Giorno del Ricordo. Storia di un dramma a lungo negato

Il 10 febbraio si celebra il Giorno del Ricordo, istituito con la legge n. 92 del 2004 per commemorare le migliaia di italiani vittime dei massacri delle foibe e l’esodo giuliano-dalmata.

L’esodo giuliano-dalmata

Con l’armistizio dell’8 settembre 1943, le forze comuniste di Josip Broz detto Tito, che già avevano preso il controllo nei territori di Slovenia e Croazia, fecero esplodere tutta la loro violenza nei confronti degli abitanti di nazionalità italiana. Affermavano di agire così per vendicarsi delle violenze fasciste e per l’italianizzazione forzata, perpetuata con metodi violenti e discutibili.

Con la definitiva caduta del Terzo Reich, nel 1945, Tito occupò l’Istria, la Dalmazia e una parte del Friuli Venezia Giulia e si accanì ancora una volta nei confronti degli italiani.

Attraverso il trattato di Parigi del 10 febbraio 1947, la Jugoslavia ottenne l’Istria, Fiume, Zara e la Dalmazia e iniziò il periodo della “gestione” degli italiani su quei territori.

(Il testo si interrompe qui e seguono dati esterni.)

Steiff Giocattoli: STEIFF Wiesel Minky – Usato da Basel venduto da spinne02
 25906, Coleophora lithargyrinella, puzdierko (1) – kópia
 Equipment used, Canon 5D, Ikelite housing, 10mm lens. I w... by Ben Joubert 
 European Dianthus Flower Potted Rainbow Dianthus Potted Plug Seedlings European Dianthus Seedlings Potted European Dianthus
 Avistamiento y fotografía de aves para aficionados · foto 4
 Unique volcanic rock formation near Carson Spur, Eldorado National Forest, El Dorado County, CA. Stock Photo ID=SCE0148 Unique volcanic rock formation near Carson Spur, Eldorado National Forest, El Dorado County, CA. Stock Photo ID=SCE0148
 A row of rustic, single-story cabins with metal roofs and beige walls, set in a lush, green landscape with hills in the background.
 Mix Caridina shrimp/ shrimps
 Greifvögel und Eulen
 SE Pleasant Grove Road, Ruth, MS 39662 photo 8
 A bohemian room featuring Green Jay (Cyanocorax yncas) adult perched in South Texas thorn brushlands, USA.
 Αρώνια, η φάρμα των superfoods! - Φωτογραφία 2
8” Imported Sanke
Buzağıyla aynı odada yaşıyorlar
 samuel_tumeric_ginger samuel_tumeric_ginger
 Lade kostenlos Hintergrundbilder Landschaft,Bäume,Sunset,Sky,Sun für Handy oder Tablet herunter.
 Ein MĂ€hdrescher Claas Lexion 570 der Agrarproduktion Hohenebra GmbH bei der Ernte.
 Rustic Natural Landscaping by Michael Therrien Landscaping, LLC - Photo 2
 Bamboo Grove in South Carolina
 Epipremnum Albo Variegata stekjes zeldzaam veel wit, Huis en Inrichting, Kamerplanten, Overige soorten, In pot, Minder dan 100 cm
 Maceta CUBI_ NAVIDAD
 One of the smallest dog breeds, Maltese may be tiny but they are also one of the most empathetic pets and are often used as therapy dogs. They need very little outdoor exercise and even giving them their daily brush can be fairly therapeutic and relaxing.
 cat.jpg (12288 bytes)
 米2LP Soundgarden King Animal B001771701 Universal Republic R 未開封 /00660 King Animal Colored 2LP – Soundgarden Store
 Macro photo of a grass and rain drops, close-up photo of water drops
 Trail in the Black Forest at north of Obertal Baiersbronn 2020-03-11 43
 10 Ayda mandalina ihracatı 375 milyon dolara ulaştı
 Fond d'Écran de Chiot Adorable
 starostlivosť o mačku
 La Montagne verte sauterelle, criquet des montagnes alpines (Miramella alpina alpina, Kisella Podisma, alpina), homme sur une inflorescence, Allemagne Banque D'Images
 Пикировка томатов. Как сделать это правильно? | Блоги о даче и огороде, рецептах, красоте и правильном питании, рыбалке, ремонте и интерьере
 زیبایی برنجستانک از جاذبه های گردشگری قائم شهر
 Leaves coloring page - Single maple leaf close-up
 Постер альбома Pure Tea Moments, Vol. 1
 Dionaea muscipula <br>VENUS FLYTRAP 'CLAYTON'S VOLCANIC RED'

Tito puntava ad un’integrazione dei soli italiani ritenuti meritevoli. Coloro che appartenevano a determinate classi sociali o erano contrari all’annessione dovevano essere espulsi, in quanto immeritevoli e non integrabili allo Stato jugoslavo. Per queste persone iniziò un lungo e tragico esodo, con la speranza di allontanarsi da un clima di terrore e trovare condizioni di vita migliori.
Gli esuli arrivati in Italia non vennero accolti nel migliore dei modi: furono stivati in campi profughi allestiti all’interno di vecchie caserme e costretti a sopportare il clima ostile dei connazionali.

Il treno della vergogna

Particolarmente noto è l’episodio del treno della vergogna. Alcuni esuli di Pola, sbarcati ad Ancona, furono oggetto di atteggiamenti ostili da parte degli abitanti del posto, convinti si trattasse di fascisti in fuga. Dopo l’intervento dei militari, il viaggio proseguì a bordo di un treno merci.

Presso la stazione di Bologna la Croce Rossa Italiana e la Pontifica Opera di Assistenza avevano predisposto un pasto caldo, ma la sosta saltò a causa di una sassata contro i convogli organizzata dai ferrovieri comunisti per impedire la fermata in stazione del cosiddetto ‘treno dei fascisti’.

Il treno fu quindi costretto a ripartire per Parma, dove finalmente i profughi, tra i quali tanti anziani e bambini, riuscirono a ricevere assistenza e qualche pasto prima di raggiungere definitivamente La Spezia.

Le foibe

Monumento della Foiba di Basovizza

Le foibe sono insenature naturali costituite da cavità verticali presenti in Istria e Friuli Venezia Giulia, che si restringono scendendo in profondità per poi richiudersi e riallargarsi in un bacino, una forma che rende difficoltosa sia la salita che eventuali soccorsi.

Il processo di eliminazione messo in atto dai partigiani comunisti di Tito si svolgeva in modo atroce. I condannati venivano legati uno all’altro, con fili di ferro attorno ai polsi. I primi della cordata erano oggetto di una raffica di colpi e, precipitando nella cavità, trascinavano anche gli altri ancora vivi.
Tristemente note sono le foibe di Basovizza e Monrupino, in provincia di Trieste, diventate oggi monumento nazionale.

Purtroppo per moltissimo tempo si è assistito a fenomeni di negazionismo e riduzionismo delle foibe, in base alle tesi di esponenti del movimento di liberazione jugoslavo e del governo comunista di Belgrado, che consideravano il fenomeno come atto di giustizia nei confronti di crimini di guerra.

I numeri

Come sostengono molti storici, si creò una vera e propria pulizia etnica, alla quale riuscirono a sfuggire tra le 250 e le 350 mila persone negli anni tra il 1945 e il 1956. Prigionia, lavori forzati e morte nelle foibe coinvolsero invece tra le 4.000 e 5.000 persone, secondo una stima ancora approssimativa. 

Il ricordo di Gorizia

Gorizia ricorda i deportati

Gorizia ricorda le diverse centinaia di concittadini deportati durante i 40 giorni di occupazione jugoslava del maggio 1945 con un lapidario nel Parco Della Rimembranza. E’ stata inoltre intitolata una Via a Norma Cossetto, studentessa uccisa e torturata dai partigiani comunisti il 5 ottobre del 1943, divenuta simbolo delle violenze di regime nascoste per troppo tempo e che non devono essere più dimenticate.